It is assumed that the reader has at least a basic background in applied, intermediate statistics. This would normally include material on simple and multiple regression as well as simple analysis of variance (ANOVA) designs. This also means that you should be familiar with the basic ideas of statistical inference including hypothesis tests and confidence intervals.

There will also be some mathematics in the book where words and diagrams are not enough. The mathematical level will be intermediate, mostly consisting of simple algebra. No derivations, proofs, theorems here!

For multivariate methods, it will be useful to express ideas using matrix notation to simplify presentation. It will be enough for you to recognize that a single symbol \(\mathbf{y}\) can be a shorthand for \(n\) scores on a variable like weight, and the symbol \(\mathbf{X}\) can represent an entire data table, with, say \(n\) observations on \(p\) variables like height, body mass index, diet components, and so forth. Then, the notation \(\mathbf{y} = \mathbf{X} \boldsymbol{\beta}\) represents an entire linear model to relate weight to these other variables. I’m using this math notation to express ideas, and all you will need is a reading-level of understanding.
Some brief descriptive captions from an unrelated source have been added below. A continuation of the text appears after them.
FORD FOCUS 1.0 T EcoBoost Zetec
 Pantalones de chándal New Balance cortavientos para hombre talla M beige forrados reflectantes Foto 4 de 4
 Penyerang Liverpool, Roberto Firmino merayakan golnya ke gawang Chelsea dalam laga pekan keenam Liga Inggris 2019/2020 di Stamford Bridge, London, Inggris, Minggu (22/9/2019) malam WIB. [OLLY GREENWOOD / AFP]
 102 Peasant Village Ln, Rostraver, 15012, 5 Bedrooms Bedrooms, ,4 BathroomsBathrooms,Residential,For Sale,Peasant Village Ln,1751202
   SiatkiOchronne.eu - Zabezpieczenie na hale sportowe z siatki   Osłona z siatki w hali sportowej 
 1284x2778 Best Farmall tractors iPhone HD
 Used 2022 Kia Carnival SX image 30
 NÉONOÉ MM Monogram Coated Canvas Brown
For this, the first chapter of Fox (2021), A Mathematical Primer for Social Statistics, is excellent, and the rest is well worth reading. If you want to learn something of using matrix algebra for data analysis and statistics in R, I recommend our package matlib (Friendly et al., 2024).

R Resources

I also assume the reader to have at least a basic familiarity with statistical analysis in R. While R fundamentals are outside the scope of the book, I believe that this language provides a rich set of resources, far beyond that offered by other statistical software packages, and is well worth learning. For those not familiar with R or wish to learn new skills, I recommend:

  • Cotton (2013), Learning R (online) provides a well-rounded basic introduction to R, covering data types, lists and data frames, functions, packages and workflow for data analysis and graphics;
  • Matloff(2011), The Art of R Programming (online) is devoted to learning the programming features of R. It covers all the basics (data types, arrays, data frames), R functions, object-oriented programming, debugging, and so forth.
  • Wickham(2019), Advanced R (online) is aimed at intermediate R programmers who want to dive deeper into R and learn how things work,
  • Long & Teetor (2019), R Cookbook 2\(^{nd}\) Ed (online) provides how-to recipies for basic tasks from working with RStudio, to input and output, general statistics, graphics, and regression / ANOVA;
  • Fox & Weisberg (2018), An R Companion to Applied Regression is a fantastic resource for learning how to perform statistical analyses in R and visualize results with insightful graphics. It is the companion book to Fox’s (2016), Applied Regression Analysis and Generalized Linear Models, which I consider the best intermediate-level modern treatment of these topics. I make heavy use of the accompanying car package (Fox & Weisberg, 2019) which provides important and convenient graphical methods.

When you work with R, it may be useful to have this collection of R and RStudio cheatsheets I prepared for my graduate data visualization course.

R graphics resources

In this book, I create a large number of graphs in R, and have aimed to present and describe how I do them using R packages and code to manipulate the data or numerical output from analysis function, so that you can learn from these examples to apply these ideas to your own data.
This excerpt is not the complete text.